*Action item:* Could you set down exactly the lines of the data below, starting at the one that holds "dos policías y" and ending at the one that holds "Double barrel shotgun", both included, and only those?

*Source material:*
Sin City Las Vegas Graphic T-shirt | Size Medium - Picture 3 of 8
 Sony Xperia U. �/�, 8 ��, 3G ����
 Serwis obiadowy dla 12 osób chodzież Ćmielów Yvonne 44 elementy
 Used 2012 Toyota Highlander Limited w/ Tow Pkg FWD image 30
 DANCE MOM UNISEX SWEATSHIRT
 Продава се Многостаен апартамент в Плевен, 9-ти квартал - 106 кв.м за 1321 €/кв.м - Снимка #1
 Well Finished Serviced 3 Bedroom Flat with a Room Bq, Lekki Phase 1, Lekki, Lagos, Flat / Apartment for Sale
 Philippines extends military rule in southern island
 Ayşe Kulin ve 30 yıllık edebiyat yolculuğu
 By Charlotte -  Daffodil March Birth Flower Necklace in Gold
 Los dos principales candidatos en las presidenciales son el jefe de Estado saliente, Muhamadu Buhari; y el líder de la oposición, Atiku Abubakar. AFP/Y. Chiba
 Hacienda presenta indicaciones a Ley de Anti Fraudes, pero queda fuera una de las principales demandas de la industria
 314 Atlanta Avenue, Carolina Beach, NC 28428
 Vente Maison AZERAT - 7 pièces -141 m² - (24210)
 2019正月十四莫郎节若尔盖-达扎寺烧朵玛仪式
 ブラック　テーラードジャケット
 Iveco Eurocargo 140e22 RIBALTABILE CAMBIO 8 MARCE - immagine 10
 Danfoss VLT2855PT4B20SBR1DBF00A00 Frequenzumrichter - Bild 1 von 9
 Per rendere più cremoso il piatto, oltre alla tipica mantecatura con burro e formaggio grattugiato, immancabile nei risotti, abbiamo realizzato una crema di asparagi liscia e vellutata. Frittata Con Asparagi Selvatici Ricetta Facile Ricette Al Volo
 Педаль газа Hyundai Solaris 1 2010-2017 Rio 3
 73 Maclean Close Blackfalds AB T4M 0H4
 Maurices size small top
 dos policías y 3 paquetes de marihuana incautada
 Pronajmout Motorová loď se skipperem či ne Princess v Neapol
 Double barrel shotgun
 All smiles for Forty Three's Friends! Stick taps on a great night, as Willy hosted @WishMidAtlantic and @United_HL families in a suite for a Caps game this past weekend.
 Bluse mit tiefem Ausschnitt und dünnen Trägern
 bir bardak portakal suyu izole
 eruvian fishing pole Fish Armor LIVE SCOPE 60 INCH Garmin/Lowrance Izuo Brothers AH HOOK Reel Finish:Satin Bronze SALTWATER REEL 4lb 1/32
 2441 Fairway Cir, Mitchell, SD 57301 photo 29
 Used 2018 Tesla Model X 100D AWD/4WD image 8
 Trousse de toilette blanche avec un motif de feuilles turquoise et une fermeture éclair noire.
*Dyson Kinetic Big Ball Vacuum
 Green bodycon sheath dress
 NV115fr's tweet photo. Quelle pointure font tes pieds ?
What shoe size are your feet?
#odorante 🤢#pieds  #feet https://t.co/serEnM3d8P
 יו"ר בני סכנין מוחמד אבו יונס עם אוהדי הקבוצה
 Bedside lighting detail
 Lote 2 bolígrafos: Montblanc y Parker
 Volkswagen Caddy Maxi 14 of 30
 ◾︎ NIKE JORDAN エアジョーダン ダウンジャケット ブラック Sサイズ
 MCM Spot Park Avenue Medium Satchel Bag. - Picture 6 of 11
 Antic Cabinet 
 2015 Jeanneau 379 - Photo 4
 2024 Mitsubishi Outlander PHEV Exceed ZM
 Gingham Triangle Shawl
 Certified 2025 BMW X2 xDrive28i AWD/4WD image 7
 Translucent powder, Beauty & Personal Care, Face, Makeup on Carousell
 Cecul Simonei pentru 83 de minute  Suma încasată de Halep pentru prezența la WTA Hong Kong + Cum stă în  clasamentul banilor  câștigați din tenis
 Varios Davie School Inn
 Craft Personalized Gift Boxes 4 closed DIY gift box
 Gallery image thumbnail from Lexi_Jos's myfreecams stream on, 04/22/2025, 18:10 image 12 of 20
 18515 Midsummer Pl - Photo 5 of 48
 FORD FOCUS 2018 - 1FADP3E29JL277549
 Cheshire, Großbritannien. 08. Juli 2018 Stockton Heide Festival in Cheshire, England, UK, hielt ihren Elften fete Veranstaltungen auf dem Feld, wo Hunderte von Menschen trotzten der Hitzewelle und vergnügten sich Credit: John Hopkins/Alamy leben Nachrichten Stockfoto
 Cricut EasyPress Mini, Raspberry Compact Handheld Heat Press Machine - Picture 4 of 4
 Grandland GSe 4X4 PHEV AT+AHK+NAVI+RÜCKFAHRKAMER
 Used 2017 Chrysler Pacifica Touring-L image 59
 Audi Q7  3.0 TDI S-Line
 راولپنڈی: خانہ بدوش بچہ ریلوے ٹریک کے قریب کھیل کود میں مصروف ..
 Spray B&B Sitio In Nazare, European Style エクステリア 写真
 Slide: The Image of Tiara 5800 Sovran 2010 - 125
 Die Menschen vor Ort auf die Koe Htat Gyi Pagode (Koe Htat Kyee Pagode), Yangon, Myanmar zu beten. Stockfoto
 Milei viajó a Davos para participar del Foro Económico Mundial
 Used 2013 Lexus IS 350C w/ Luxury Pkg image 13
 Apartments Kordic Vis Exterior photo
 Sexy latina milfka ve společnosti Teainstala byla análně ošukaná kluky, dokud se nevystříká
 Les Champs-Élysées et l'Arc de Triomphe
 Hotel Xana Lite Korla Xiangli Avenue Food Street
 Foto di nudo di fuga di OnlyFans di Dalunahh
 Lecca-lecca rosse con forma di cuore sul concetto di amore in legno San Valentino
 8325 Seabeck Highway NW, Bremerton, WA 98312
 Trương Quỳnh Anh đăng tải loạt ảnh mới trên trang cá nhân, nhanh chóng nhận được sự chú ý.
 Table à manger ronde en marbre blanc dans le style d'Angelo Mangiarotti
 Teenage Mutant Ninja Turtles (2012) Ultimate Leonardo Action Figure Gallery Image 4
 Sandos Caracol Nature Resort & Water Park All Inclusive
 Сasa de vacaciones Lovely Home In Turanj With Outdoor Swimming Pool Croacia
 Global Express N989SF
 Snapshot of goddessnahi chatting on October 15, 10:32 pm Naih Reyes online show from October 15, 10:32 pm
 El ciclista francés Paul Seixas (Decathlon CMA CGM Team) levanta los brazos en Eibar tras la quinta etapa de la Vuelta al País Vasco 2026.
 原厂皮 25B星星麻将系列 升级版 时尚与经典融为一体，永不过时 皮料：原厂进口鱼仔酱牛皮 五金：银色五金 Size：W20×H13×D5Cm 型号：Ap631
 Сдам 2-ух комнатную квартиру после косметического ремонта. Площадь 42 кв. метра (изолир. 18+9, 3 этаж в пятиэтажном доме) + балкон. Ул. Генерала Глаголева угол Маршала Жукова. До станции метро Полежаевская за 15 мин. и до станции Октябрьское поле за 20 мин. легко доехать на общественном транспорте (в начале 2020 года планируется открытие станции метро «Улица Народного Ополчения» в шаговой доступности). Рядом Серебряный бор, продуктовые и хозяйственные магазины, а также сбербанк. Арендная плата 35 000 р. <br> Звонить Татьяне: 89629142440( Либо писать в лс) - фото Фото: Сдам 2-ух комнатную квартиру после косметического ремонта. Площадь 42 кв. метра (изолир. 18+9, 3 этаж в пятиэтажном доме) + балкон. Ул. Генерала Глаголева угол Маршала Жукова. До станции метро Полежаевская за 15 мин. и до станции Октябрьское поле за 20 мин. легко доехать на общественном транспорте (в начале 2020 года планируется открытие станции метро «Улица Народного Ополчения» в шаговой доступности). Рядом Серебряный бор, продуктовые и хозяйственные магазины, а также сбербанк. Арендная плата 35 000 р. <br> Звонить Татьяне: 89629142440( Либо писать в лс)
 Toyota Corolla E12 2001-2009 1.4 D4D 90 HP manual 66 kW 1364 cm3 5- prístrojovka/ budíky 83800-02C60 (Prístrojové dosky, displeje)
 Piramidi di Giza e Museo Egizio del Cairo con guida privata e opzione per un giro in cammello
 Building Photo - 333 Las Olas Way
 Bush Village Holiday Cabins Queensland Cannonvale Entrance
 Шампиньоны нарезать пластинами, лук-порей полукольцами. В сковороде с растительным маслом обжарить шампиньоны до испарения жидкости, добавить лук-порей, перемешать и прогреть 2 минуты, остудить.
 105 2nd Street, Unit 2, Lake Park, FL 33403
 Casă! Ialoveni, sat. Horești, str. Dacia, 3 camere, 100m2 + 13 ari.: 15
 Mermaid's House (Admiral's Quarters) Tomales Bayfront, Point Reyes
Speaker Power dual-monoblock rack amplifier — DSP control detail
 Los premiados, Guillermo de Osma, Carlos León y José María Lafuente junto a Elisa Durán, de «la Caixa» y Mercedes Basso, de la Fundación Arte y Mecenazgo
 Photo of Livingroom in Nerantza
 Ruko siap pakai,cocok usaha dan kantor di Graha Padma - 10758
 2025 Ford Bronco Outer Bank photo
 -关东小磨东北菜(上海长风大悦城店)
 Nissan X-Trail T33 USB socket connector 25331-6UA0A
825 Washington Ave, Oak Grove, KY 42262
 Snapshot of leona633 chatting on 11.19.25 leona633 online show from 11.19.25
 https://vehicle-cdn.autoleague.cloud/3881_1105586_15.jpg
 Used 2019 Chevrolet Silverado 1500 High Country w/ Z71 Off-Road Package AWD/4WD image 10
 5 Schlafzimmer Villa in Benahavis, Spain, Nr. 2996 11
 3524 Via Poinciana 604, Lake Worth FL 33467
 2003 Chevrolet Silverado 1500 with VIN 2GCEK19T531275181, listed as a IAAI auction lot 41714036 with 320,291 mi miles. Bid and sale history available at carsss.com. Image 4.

*Expected answer:*
 dos policías y 3 paquetes de marihuana incautada
 Pronajmout Motorová loď se skipperem či ne Princess v Neapol
 Double barrel shotgun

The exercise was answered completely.